Serbia’s New Growth Agenda

Image

Serbia's economy could grow faster than the current growth rate of 3-4%, according to the new World Bank report, "Serbia’s New Growth Agenda". The report and associated papers outline a strategy that can help the country's economy grow faster.


Key Messages

Serbia is at a crossroads. Although current growth rates are improving incomes in Serbia, they are not bringing the country closer to average living standards in the European Union fast enough. The current 3-4 percent growth per year is at the upper end of Serbia’s current potential growth. To reach the European levels of prosperity, Serbia must embrace a new, ambitious agenda for reform.

With what we call the Serbia's New Growth Agenda, supported by sustained effort to maintain macroeconomic stability, Serbia can grow at 7 percent a year, on average, doubling its income in 10 years.

Image
Serbia’s New Growth Agenda: Summary

Acknowledging that this vision is highly ambitious, the New Growth Agenda outlines seven key areas for urgent and comprehensive action that could make this level of economic growth possible. Improving on these dimensions would bring highest benefits for growth.
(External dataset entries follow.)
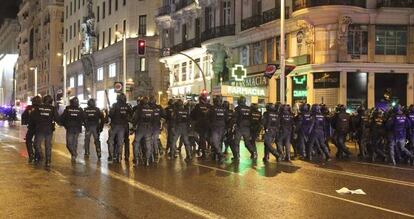 Despliegue policial en Gran Vía ante los destrozos de un grupo de alborotadores.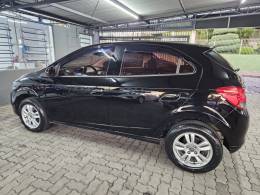 CHEVROLET - ONIX - 2013/2013 - Preta - R$ 43.900,00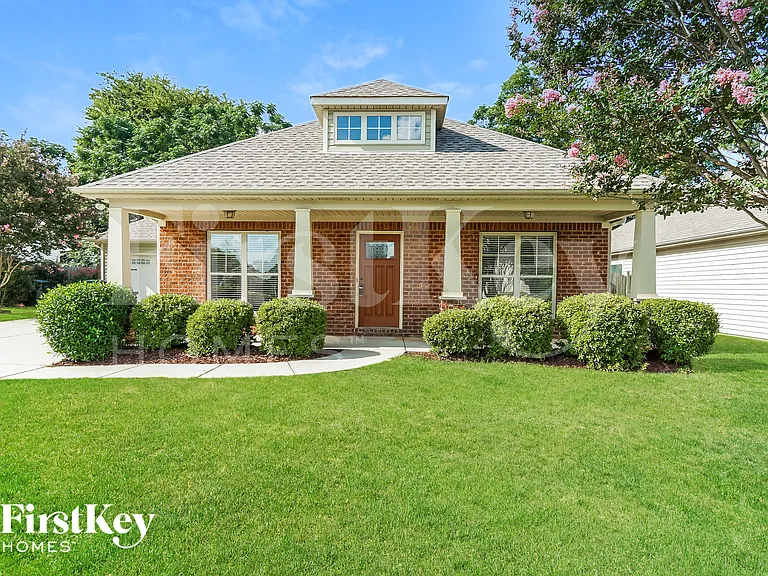 236 Stonecreek Pl — Photo 1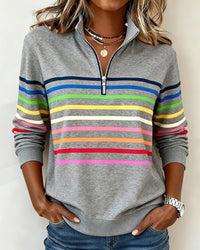 Haut sweat demi-zip gris à rayures multicolores, fermeture éclair courte au col.
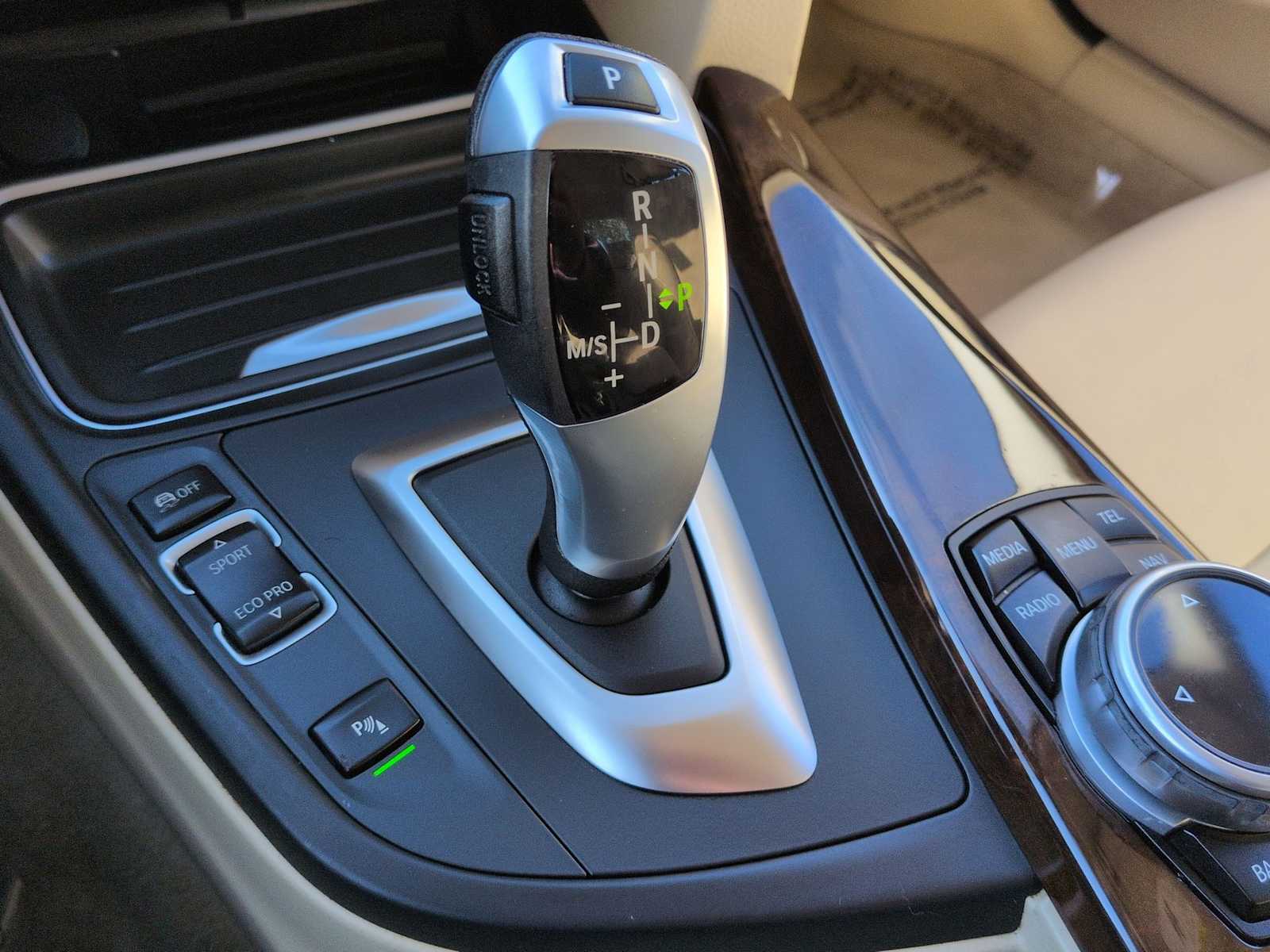 Thumbnail: 2014 BMW 3 Series - 33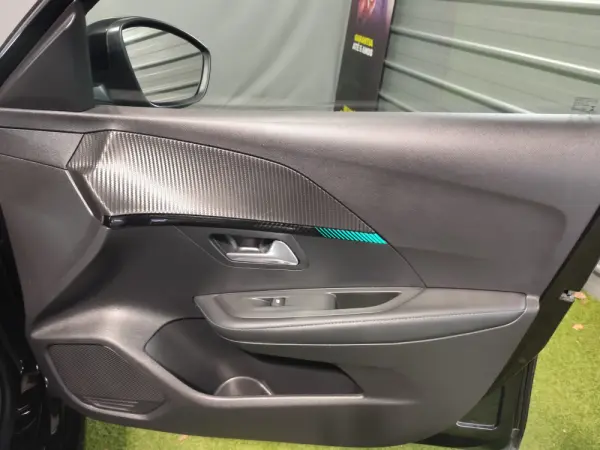 Peugeot 208 1.2 PureTech Allure 31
  • Boosting investment. Increasing public investment to at least 5 percent of GDP and facilitating private investment to above 20 percent of GDP annually, would support stability of high growth rates. Ensuring quality is essential as well.
  • Financing for growing firms. Increasing credit to the private sector to the level closer to European benchmarks, including by enabling new financing instruments, would expand finance to young, small and medium enterprises, the new generation of firms. This could promote annual real GDP growth by about 1.3 percentage points.
  • Skilling workers. With over two‐thirds of firms failing to find workers to implement expansion, improving education quality to produce skills relevant for the private sector could increase GDP growth rate by up to 1.3 percent.
  • Raising productivity. Increasing firm‐level productivity and its annual growth from current low levels would enable higher value‐added production, more jobs, and higher wages. A one percent increase in productivity could lead to one percent increase in GDP.
  • Promoting exports. Serbian exporters are on average twice as productive as other firms; increasing exports from 50 to 80 percent of GDP would boost growth. Improving infrastructure and removing behind‐the‐border constraints would increase both exports and FDI.
  • Enabling business. A better regulatory framework, including improved predictability and transparency of administrative procedures, could reduce costs for business by 0.9 percent of GDP annually. Better enforcement would strengthen business practices in private and public sectors.
  • Unleashing competition. Reducing government presence in the economy, especially through less ownership of or favorable treatment of SOEs, would reduce barriers to competition, eliminate distortions, and could save at least 1 percent of GDP in public funds for more productive use.

Along with maintaining macroeconomic stability, this policy agenda would constitute a national declaration that Serbia intends to seize the opportunity it has created for itself. None of this will come easy, but Serbia can safeguard its hard‐won macroeconomic stability and take its economic transformation to the next level.